Tracking Extracellular Vesicle Uptake

s.END1 EC-EVs were labeled with C. elegans cel-miR-39-3p transcript (Exiqon) using an exosomal transfection kit (Exo-Fect, System Bioscience) according to the manufacture’s instructions. EC-EVs were then washed by ultracentrifuging at 120,000 g for 120 minutes in 13 ml PBS. Labeled EC-EVs were injected into mice by tail vein injection at a concentration of 1 × 10⁹ EVs, and tissues of interest harvested. Tissues were perfused with heparinized PBS (10 ml) through insertion of a 25-gauge needle into the left ventricle.
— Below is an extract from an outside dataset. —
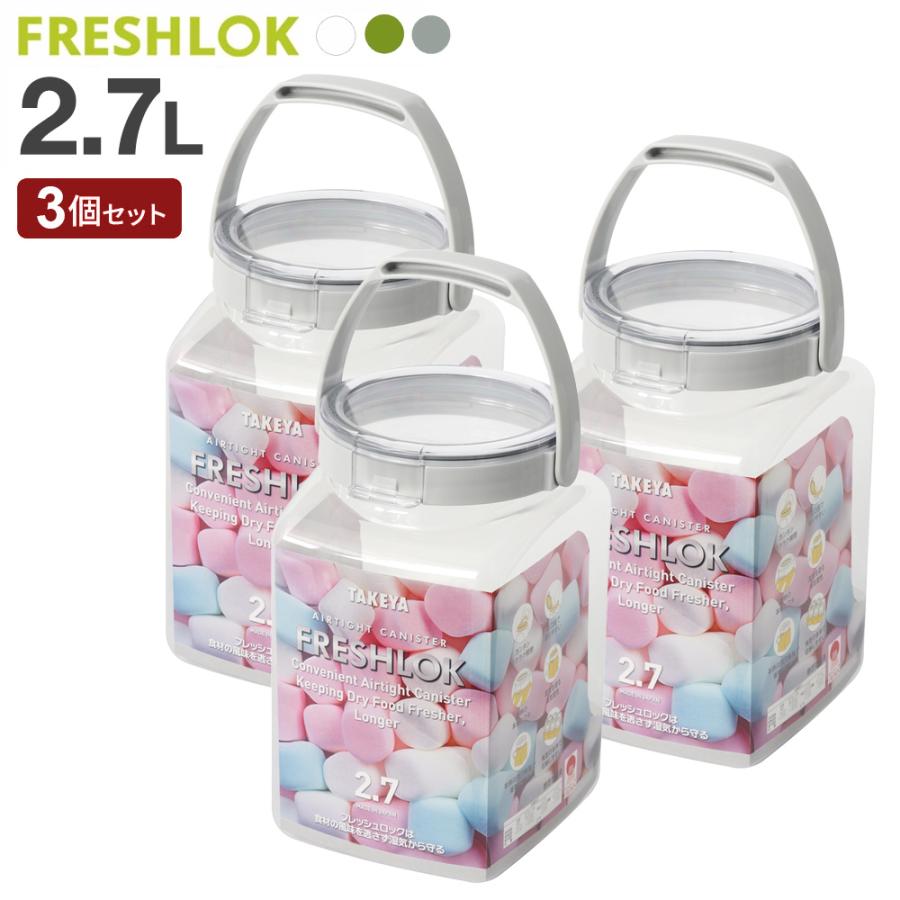 FRESHLOK フレッシュロック 角型 2.7L 3個セット 白/緑/グレー ｜ 保存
Tissues and plasma were harvested and snap frozen for qPCR analysis; harvested tissues were mechanically homogenized. To determine the uptake of labeled EVs by resident splenic cell populations (splenic monocytes vs. splenic ECs) isolated spleens were dissociated and splenocytes were incubated with anti-CD31 –conjugated (clone MEC 13.3, BD Pharmingen) magnetic beads (sheep anti-rat IgG Dynabeads, Invitrogen) to isolate splenic ECs as previously described (70 (link)). The resultant supernatant containing unbound cells was enriched for monocyte populations using EasySep (Stemcell Technologies) as previously described (1 (link)). Isolated cells were lysed and prepared for miRNA RT-qPCR.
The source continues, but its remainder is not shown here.